• [Data to process]
════════════════

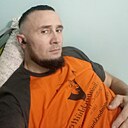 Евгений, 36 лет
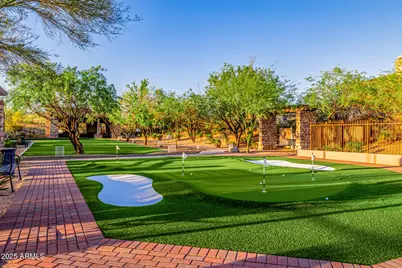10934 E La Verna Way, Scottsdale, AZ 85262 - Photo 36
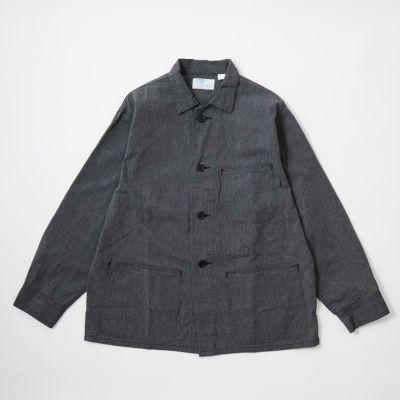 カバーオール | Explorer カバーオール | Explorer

════════════════

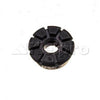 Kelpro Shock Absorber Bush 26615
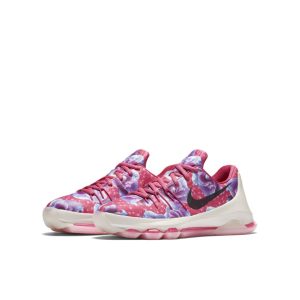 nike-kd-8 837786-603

════════════════

Above are some records. Reproduce the lines from the one with "Евгений, 36 лет" down to the one with "カバーオール | Explorer カバーオール | Explorer", keeping both, and leave every picture out.

• [Task solution]
 Евгений, 36 лет
10934 E La Verna Way, Scottsdale, AZ 85262 - Photo 36
 カバーオール | Explorer カバーオール | Explorer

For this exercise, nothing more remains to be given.